[Image-caption web data]
Segment Open

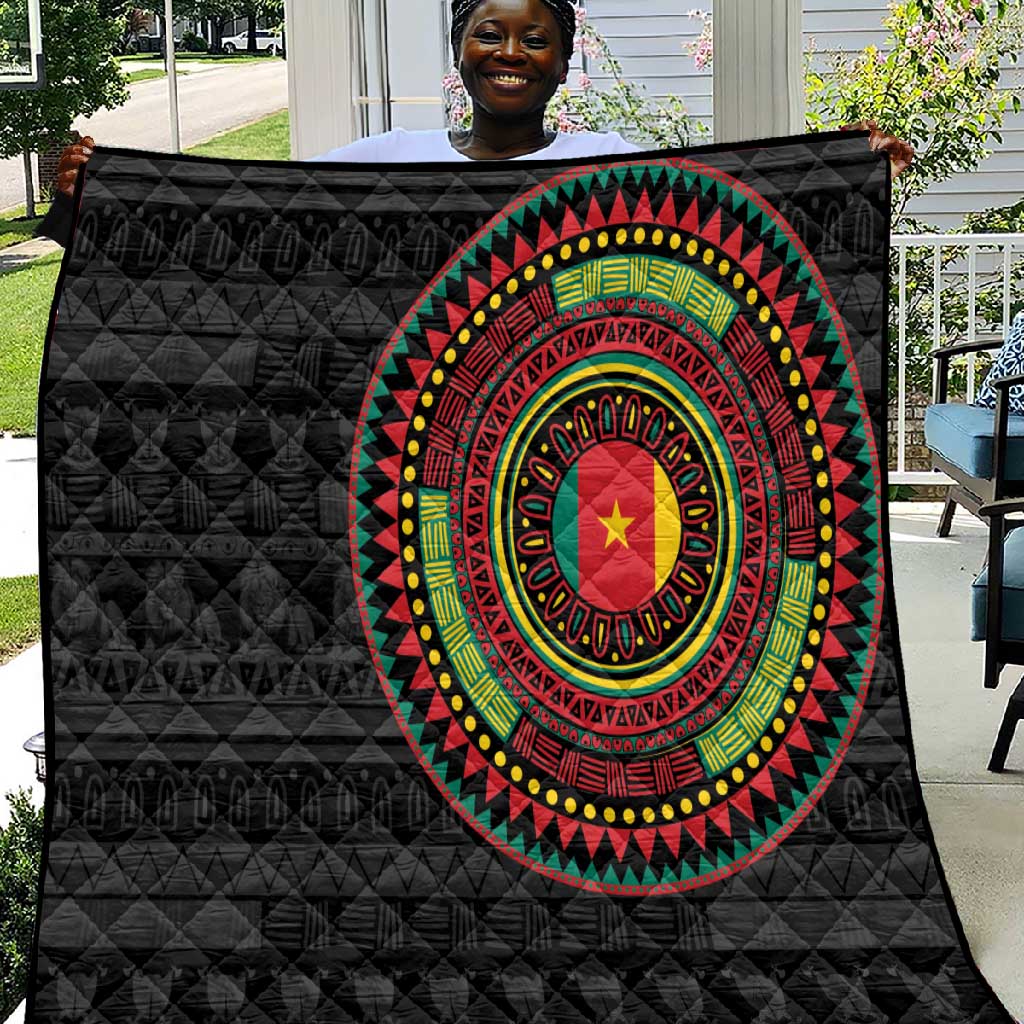 Cameroon African Tribal Pattern Quilt Chest Arm Tattoo LT15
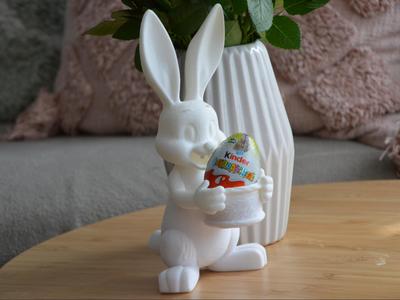 Easter Bunny Figure with Kinder Surprise Egg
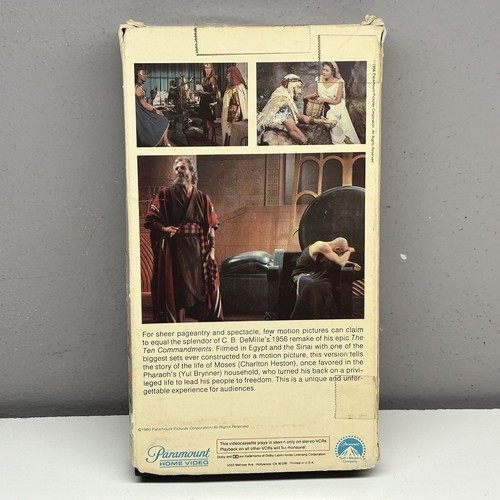 Cecil B. DeMille The Ten Commandments VHS 1956 Video Tape Heston Part 2 Only GOD - Picture 14 of 15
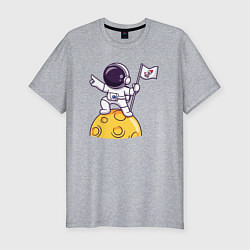 Мужская slim-футболка Вперёд в космос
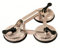Piher venal-3 - Ventosa triple aluminio diámetro 11cm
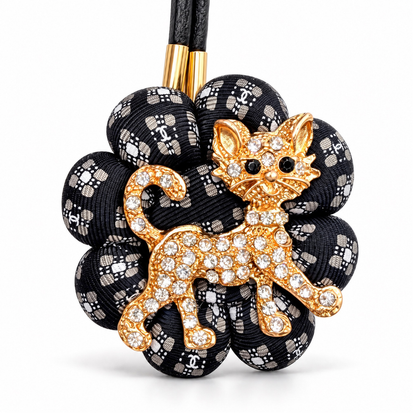 Chanel CC Kitten Dog Bag Charm | Chanel Fashion Accessories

Segment Closed

PROMPT:
Return all the records exactly. Skip the pictures.

YOUR RESPONSE:
 Cameroon African Tribal Pattern Quilt Chest Arm Tattoo LT15
 Easter Bunny Figure with Kinder Surprise Egg
 Cecil B. DeMille The Ten Commandments VHS 1956 Video Tape Heston Part 2 Only GOD - Picture 14 of 15
 Мужская slim-футболка Вперёд в космос
Piher venal-3 - Ventosa triple aluminio diámetro 11cm
 Chanel CC Kitten Dog Bag Charm | Chanel Fashion Accessories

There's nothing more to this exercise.